In Stereo Cross-Attention Radiance Fields (SCARF), we explore adding attention-based techniques to Stereo Radiance Fields [1]. In recent years, there have been great advances in attention/transformer-based techniques which allow for faster training and consistent architecture across models. Although transformer-based techniques have already been applied to the original NeRF paper [2] [3], we aim to apply it to the SRF paper, which, instead of learning the scene, aims to emulate and learn multi-view stereo. Their method allows for training with sparse views (only 10 instead of 100), and also learns how to perform multi-view stereo correspondences rather than learning only a single scene, thus allowing for rendering of novel scenes in a single pass (with fine-tuning).
First, we investigated the architecture from the SRF paper shown in Figure 1. We hypothesized that the feature pairing, unsupervised stereo module, multi-view extraction, and correspondence encoding could all be replaced by a (cross-)attention mechanism. Practically, this was implemented in PyTorch using a transformer encoder, borrowing from the ideas of the Vision Transformer (ViT) [4]. This makes intuitive sense, because stereo is about finding correspondences between different features in the image, the process of which can be reframed as cross-attending across features. This drastically simplified our architecture shown in Figure 2.
After the image features layer, we first feed into an image feature compression network. This helped reduce the number of parameters that the transformer network needed to learn. See Experiment 1 under the Results section for justification and different techniques that were attempted.
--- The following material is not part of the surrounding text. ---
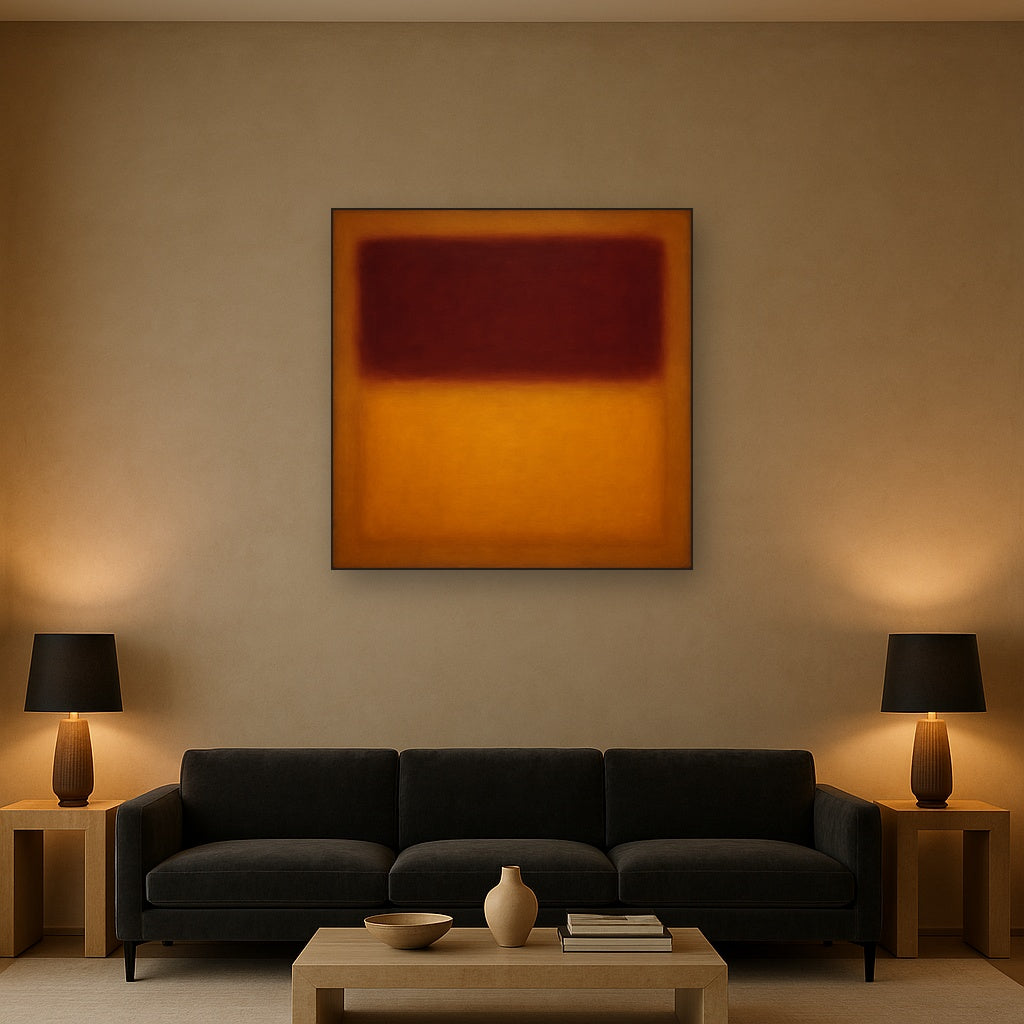 Crimson Burgundy & Saffron Gold Color Vibrations No. 3 Oil Painting Staged Above Sectional Sofa in Living Room, Hand Painted Canvas Wall Art for Home Decor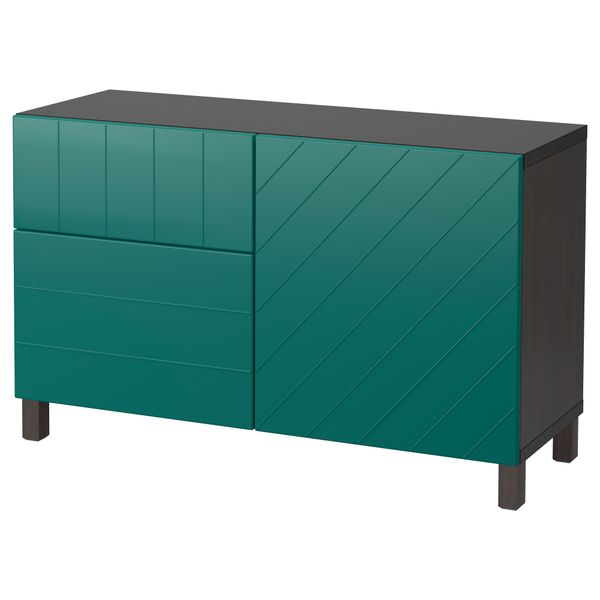 Комбинация для хранения с дверцами, ящиками БЕСТО, черно-коричневый, Халлставик сине-зеленый (120x40x74 см) - фото 1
After feature compression, we feed a sequence of feature vectors (one per view) into a transformer encoder, which aims to learn the relation between different views. The feature vectors were positionally encoded in the same way as ViT [4] to track which image each feature set came from. We experimented with various different hyperparameters for this transformer encoder to get good results. We attempted different numbers of heads in Experiment 2 and different number of transformer layers in Experiment 3. Max-pooling is run over the output images to preserve the most important features from each image.
Finally, we pass the output of the transformer layer through the fully connected "Radiance Field Decoder" (2 FC layers), which results in an RGB-σ value for each 3D point.
First, we experimented with two different techniques in order to reduce the model size. First, we attempted to use a reduced image feature extraction network. This reduced network used half the number of channels for each layer, and dropped the last two convolution layers from the SRF paper. This significantly reduced the number of parameters that the transformer needed to learn.
The other technique we used to reduce model size was an image feature compression layer, which reduces the size of the image features. This technique both reprojects into a space to help the transformer learn, and also allows for some learning of relation between multi-scale features before the transformer encoder.
Our first experiment was to see the trade-offs between no compression, reduced features, and image compression. We found that the network was not able to learn quickly with the large transformer size. It did not learn a significant amount of information in the scene by iteration 50k, as shown in Figure 3a. Between feature compression and network reduction, we found that the feature compression was able to do a much better job at learning quickly, reconstructing finer details like color, and minimizing artifacts
For the transformer, we first varied the nubmer of heads used in each cross attention layer. We held the number of layers constant at 2, and attempted 8, 16, and 32 heads.
As can be seen in Figure 4, increasing the number of heads was significant in improving the quality of the results, in particular the detail and vibrancy of colors. For example, the rendering with only 8 heads (Figure 4a) looks faded, but the rendering with 16 heads (Figure 4b) looks much more vibrant. We begin to see distinct colors for the different houses and the umbrellas on the patio are yellow as they should be. However, some of the colors still seem faded, and there are some "blurring" artifacts near the patio area where the umbrellas are.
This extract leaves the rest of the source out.